TÍO VANIA

Estábamos todos allí. Casi todos, solos o en grupo, con la familia o sin ella.

El farsante social que mantiene una imagen magnífica a cualquier precio, incluso al precio de que los que le rodean lo sepan. El débil de espíritu, ermitaño de la vida, generoso con los que le agreden, pero una carga eterna para los demás.

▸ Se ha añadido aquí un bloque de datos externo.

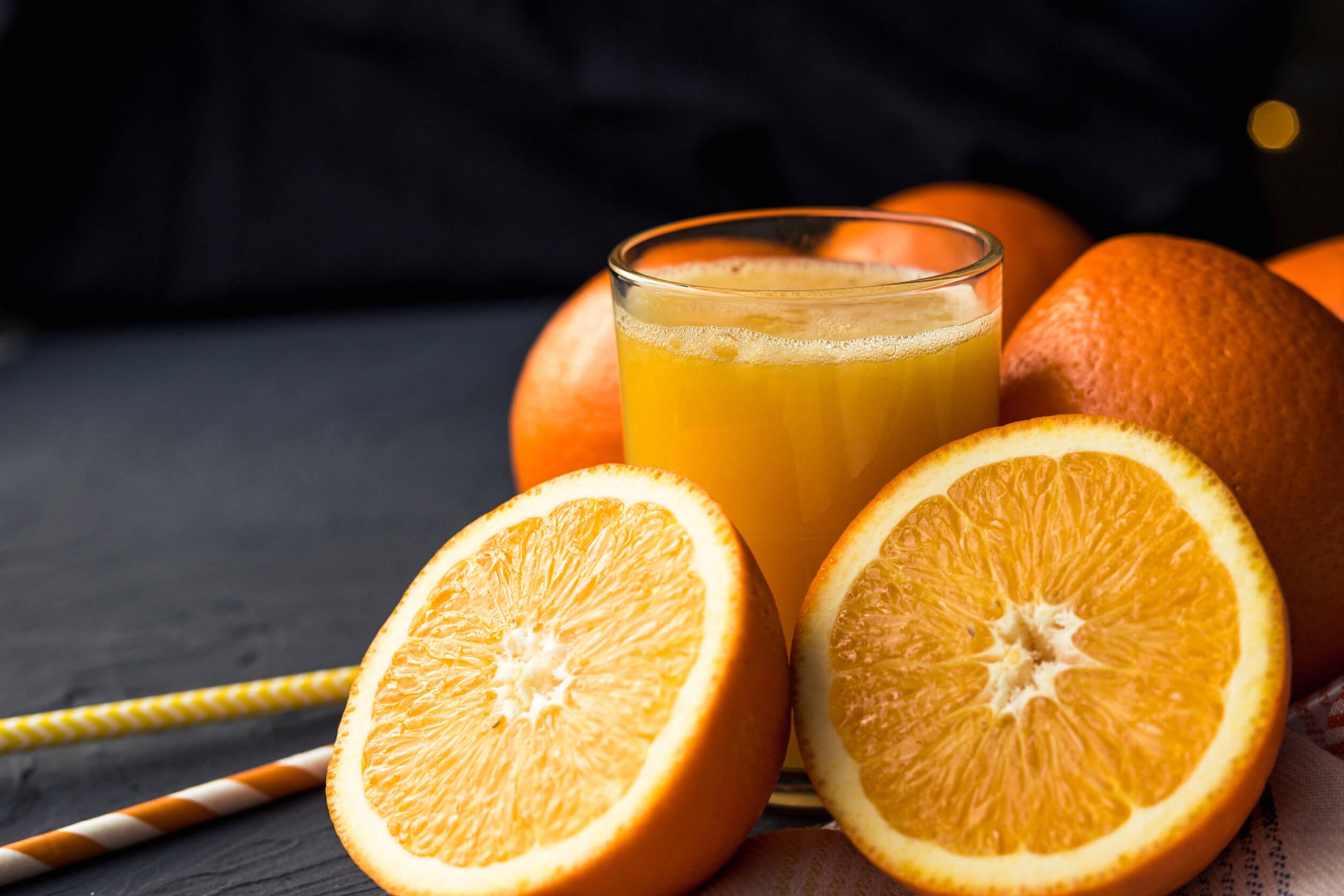 Bebida hidratante de naranja y canela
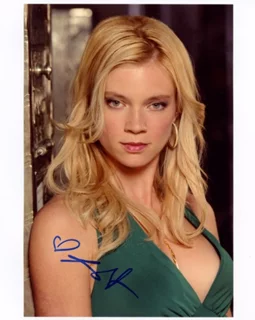 Amy Smart autograph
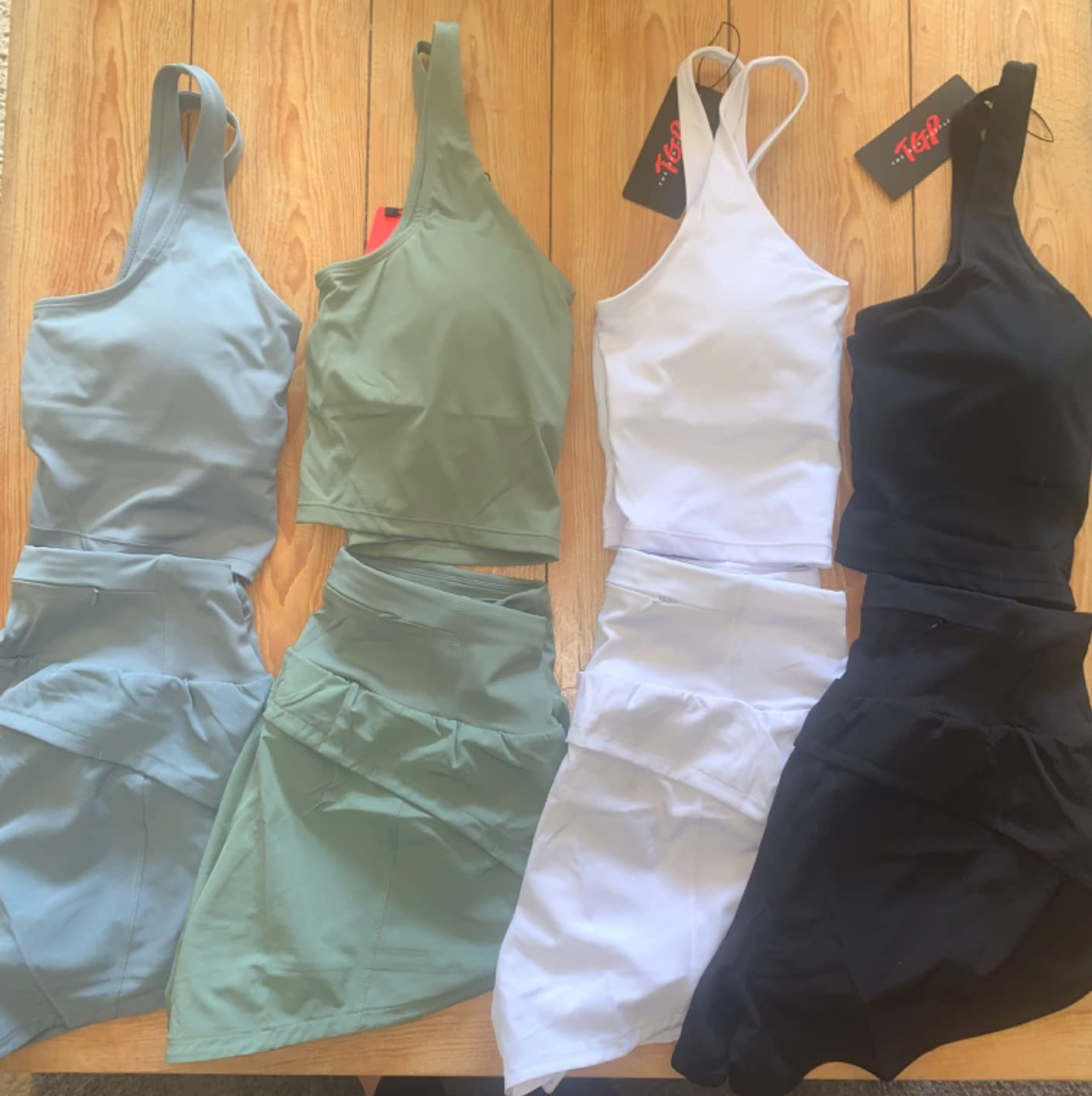 THE GYM PEOPLE Womens' Sports Bra Longline Wirefree Padded with Medium Support | Amazon (US)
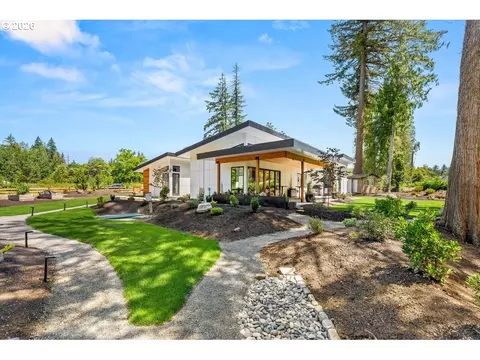 Exterior - 41640 SE Beaverdam St, Sandy, OR 97055 photo 5 of 8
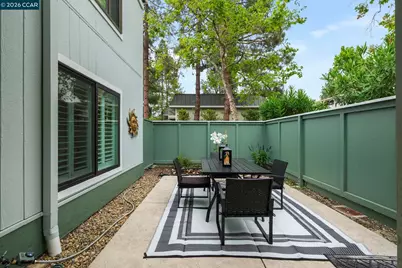 1100 Singingwood #8, Walnut Creek, CA 94595 - Photo 4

El trabajador responsable y abnegado, fuerte y apasionado, pero tan estúpido como para entregar su vida a quien no la merece. La enamorada inocente, colgada para siempre de su sueño imposible.  Y la otra, la inútil y bella jugadora de cartas con los sentimientos propios y ajenos, interesada o cobarde, según los casos. La anciana sumida en sus recuerdos y en el terror a la vida. La esclava eterna, esa que asumió desde el vientre de su madre que su papel en la vida era abrazar e iluminar la vida de los otros a cambio de su propia satisfacción, nada más. El brillante y original libertario, siempre en el límite entre  la mente y el cuerpo.

El viejo caprichoso y soberbio, incapaz de la más mínima generosidad, convencido de que el paso de su tiempo es un cheque de valor universal.  Y el mundo que queda allá lejos, frío y distante, fuera de nuestra piel, esa piel que Chejov jamás llega a desgarrar, esa piel que nos escuece al mirar, pero no se rasga, no se desangra y, quizá por eso, nunca muere. La piel de lo que no tiene ningún camino, sin heridas, sin bocas, sin abismos; la piel eterna , anclada en algún punto neutro de la vida , al borde siempre del final, sobreviviendo perpetuamente, sin entrar ni salir. La casa de campo de los que siempre están en el mismo lugar, frente al bosque, sin hacer nada diferente a su propio ciclo, sin enfrentar la herida, sin más futuro que la resignación y la espera, dulce espera de lo no llega a ser luz ni tinieblas.

Y ese sentimiento flotaba en el ambiente, como el humo se descolgaba del cielo. Había miedo y retención, miedo a no poder sentir por completo el alma de los personajes, miedo  a no transmitir, un miedo que producía ondas y altibajos, exabruptos y mentiras, no muy grandes ni muy pequeñas, como el círculo de luz mediocre donde viven los que nunca van a ninguna parte.